History of the Peloponnesian War
Thucydides
Thucydides, Vol. 1-4. Smith, Charles Foster, translator. London and Cambridge, MA: Heinemann and Harvard University Press, 1919-1923.
But the greatest and most serious blow suffered by the Athenian army was the taking of Plemmyrium; for the work of bringing in provisions through the entrance to the harbour could no longer be carried on with safety (since the Syracusans lying in wait there with ships hindered this, and from now on the convoys could only make their entrance by fighting), and in general this event brought consternation and discouragement to the army.
After this the Syracusans sent out twelve ships under the command of Agatharchus, a Syracusan. One of these headed for the Peloponnesus, having on board some envoys who were to explain the situation in Sicily, that they were full of hope, and to urge the still more vigorous prosecution of the war on the continent of Greece. The other eleven ships sailed to Italy,[*](In Thucydides the term is used only of the part of the peninsula south of the river Laüs and Metapontum.) since they heard that boats laden with supplies for the Athenians were approaching. And falling in with these boats, they destroyed most of them;
and they also burned some timber in the territory of Caulonia, which was lying there ready for the Athenians to use in ship-building.
After this they went to Locri, and while they were lying there at anchor, one of the merchant-ships that had sailed from the Peloponnesus arrived in port, bringing some Thespian hoplites.

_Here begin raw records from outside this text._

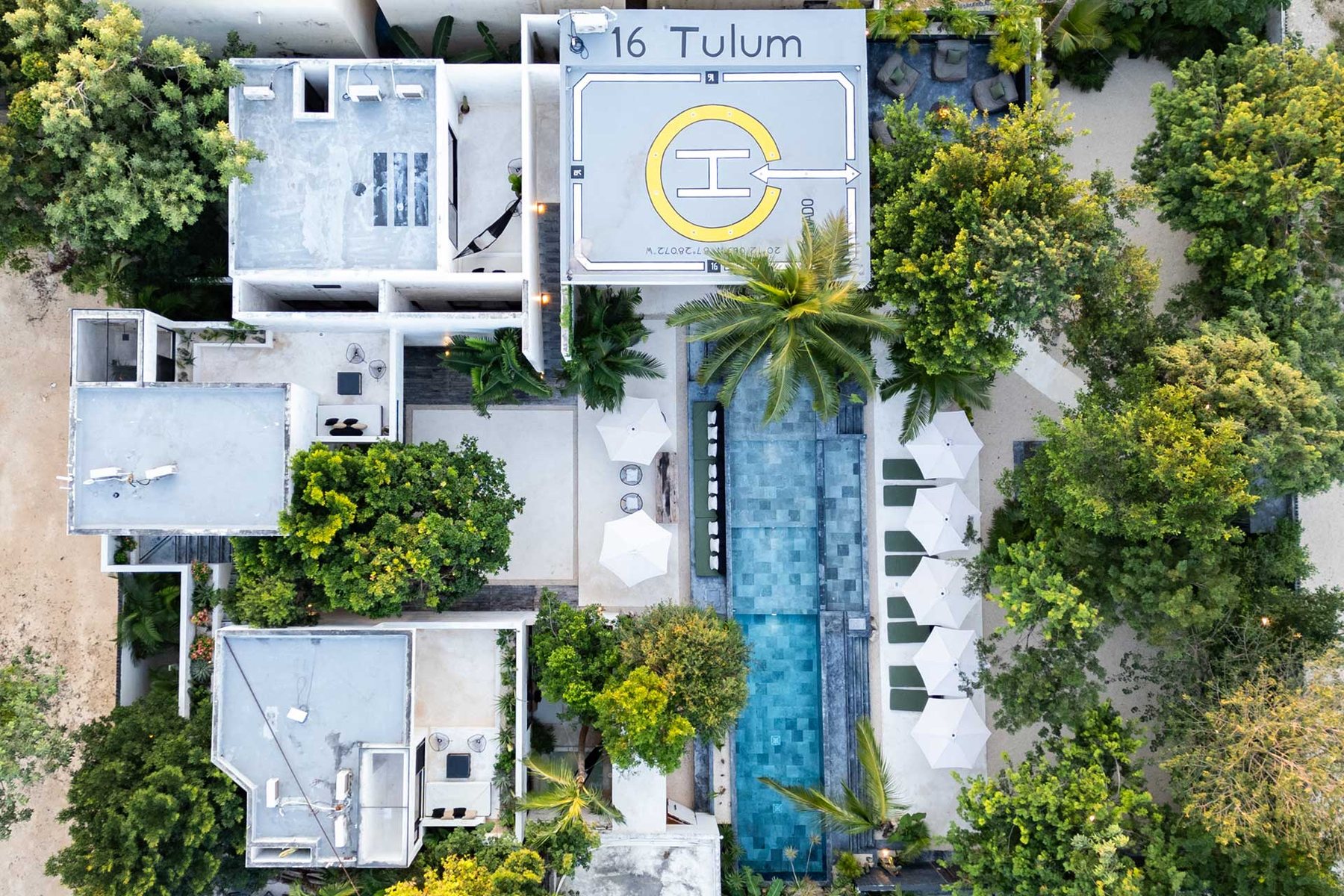 Vista cenital de 16 Tulum: alberca, camastros, terrazas y helipuerto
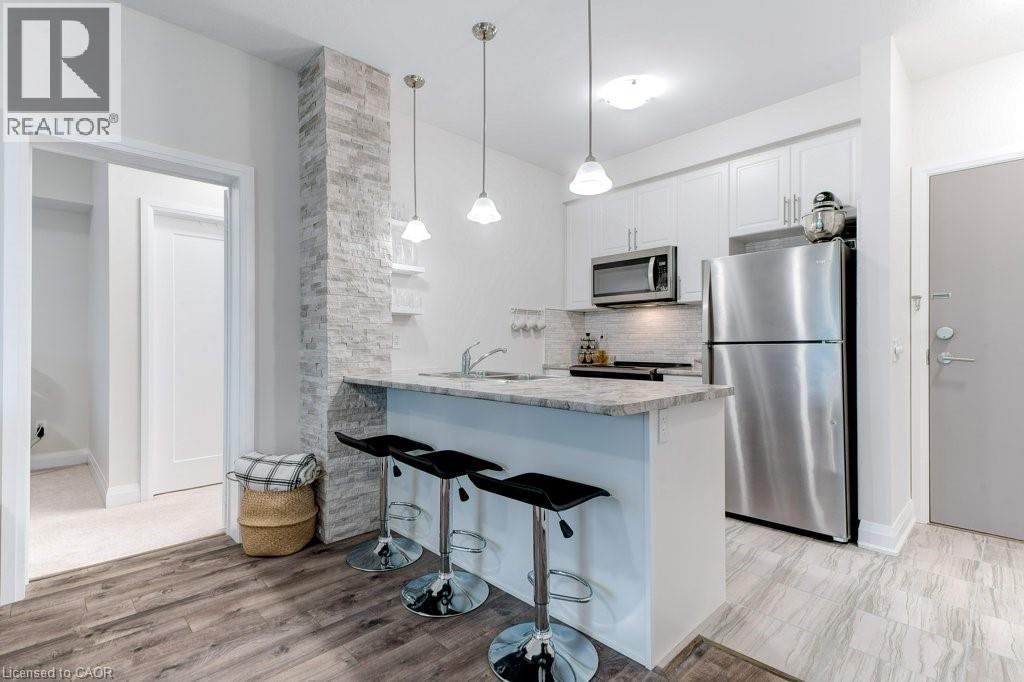 16 Concord Place Unit# 123, Grimsby, Ontario  L3M 0J1 - Photo 6 - 40828742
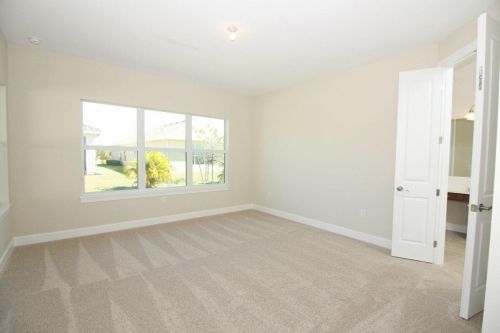 9521 Royal Poinciana Dr, Fort Pierce FL 34987-2514 exterior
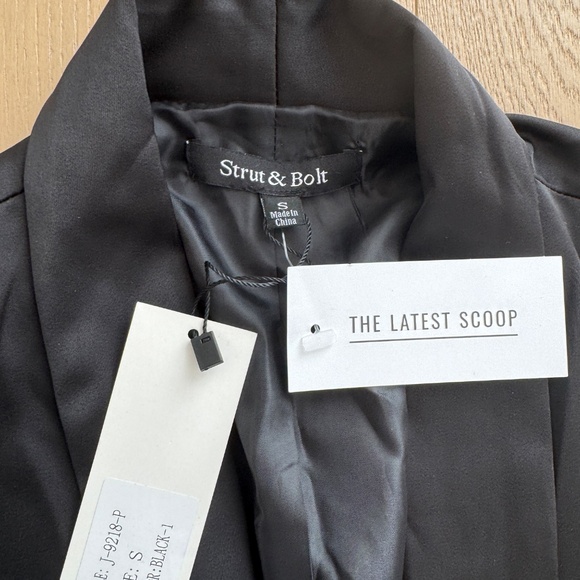 NWT Satin Blazer with Feather Cuffs from Strut & Bolt - Picture 3 of 6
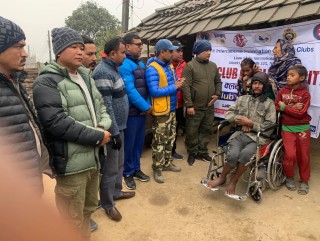 लायन्स क्लब अफ लालबन्दी सिटिद्वारा अशक्तलाई ह्विल चेयर सहित नगद सहयोग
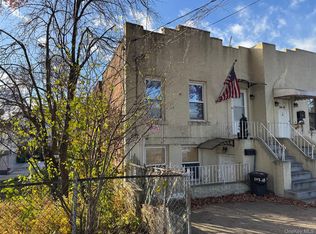 10518 77th St, Ozone Park, NY 11417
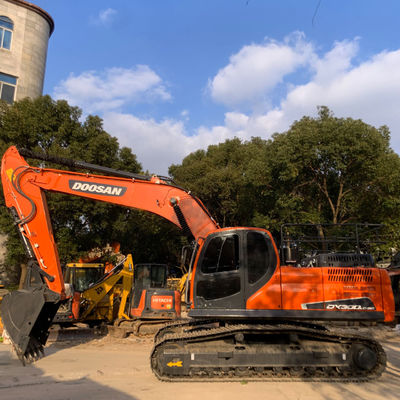 크롤러 종류 사용 된 DOOSAN DX300LC-9C 발굴기 지구 이동 기계 30215 kg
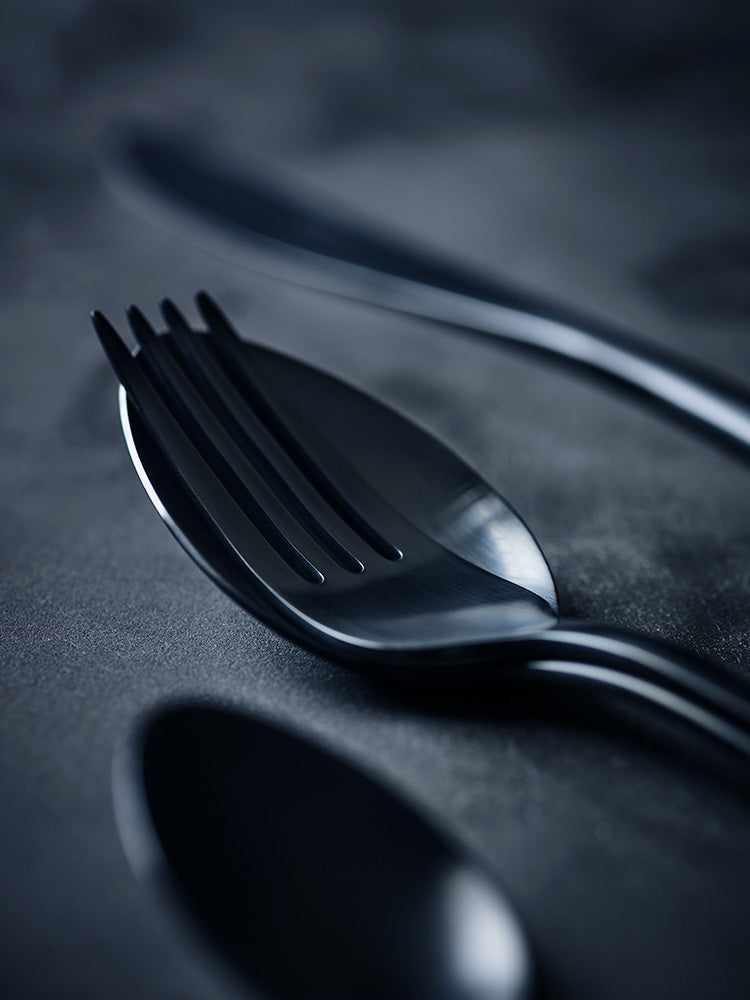 Table Noir -  Cutlery 108 - NOIR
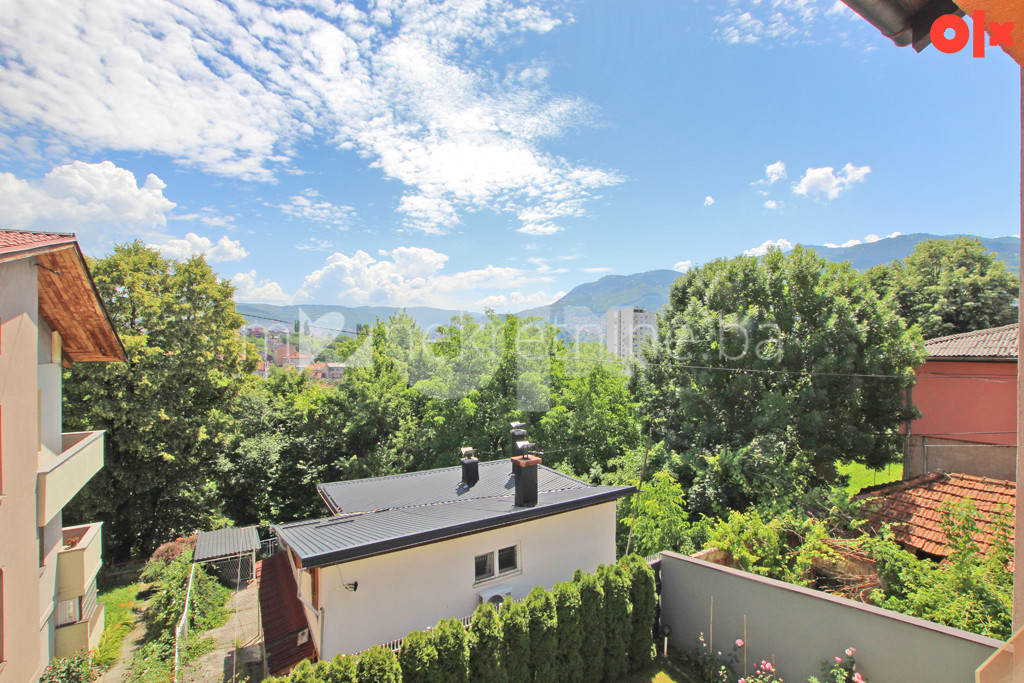 m2: Kuća 300m2 sa baštom / Centar 11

Taking these on board their ships, the Syracusans sailed along the coast toward home. But the Athenians, who were watching for them at Megara with twenty ships, captured one ship together with its crew, but they could not take the rest, which escaped to Syracuse. Skirmishing also occurred in the harbour about the piles which the Syracusans drove down in the sea in front of their old dockyards with the object that the ships might lie moored inside the piles and the Athenians might not sail up and ram their ships.